§ **Task details**
Omit the images, then repeat the listing exactly.

(Information supplied)

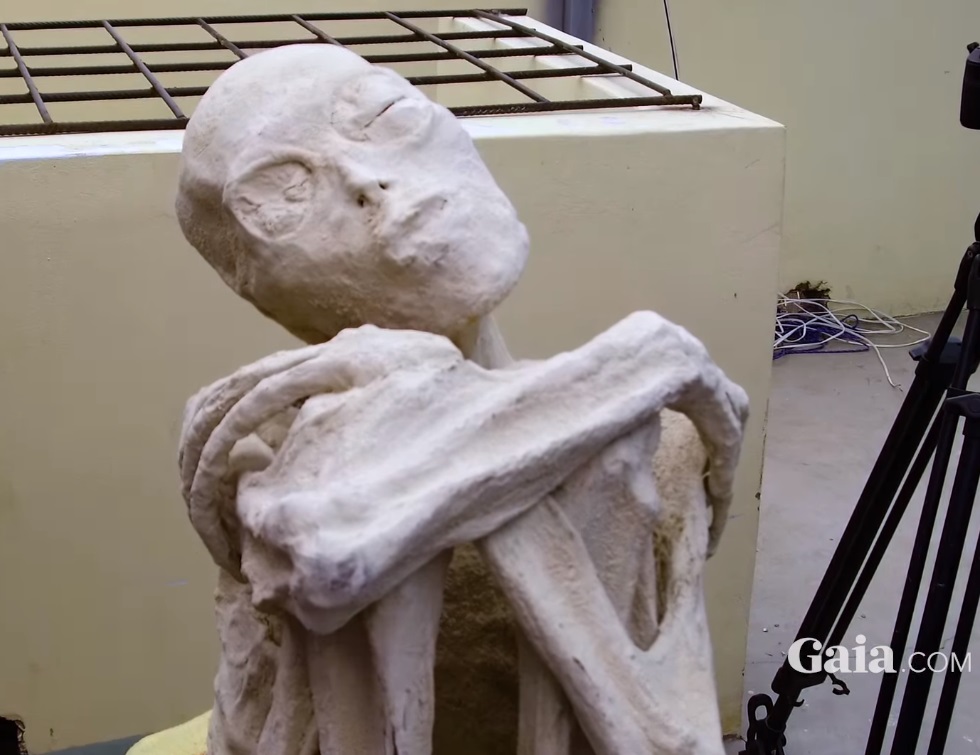 這具「人形生物木乃伊」身長約1.70米，頭骨瘦長，眼眶巨大。（Gaia視像擷圖）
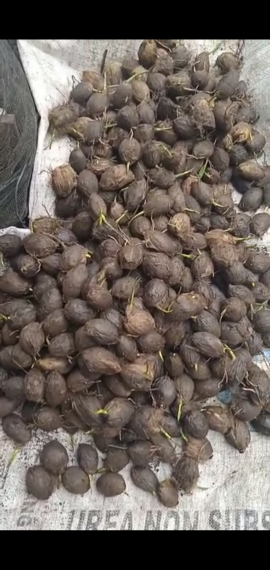 bibit betara jambi cambah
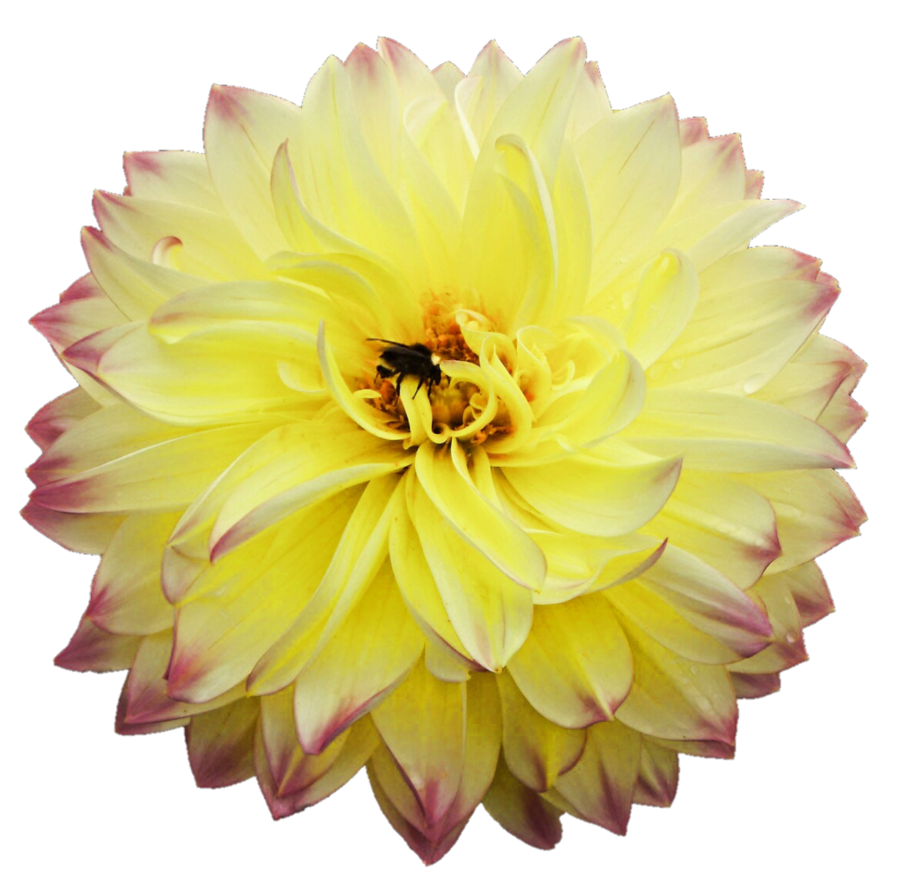 Download PNG image - Dahlia PNG Picture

(End Information supplied)

§ **Solution to this task**
 這具「人形生物木乃伊」身長約1.70米，頭骨瘦長，眼眶巨大。（Gaia視像擷圖）
 bibit betara jambi cambah
 Download PNG image - Dahlia PNG Picture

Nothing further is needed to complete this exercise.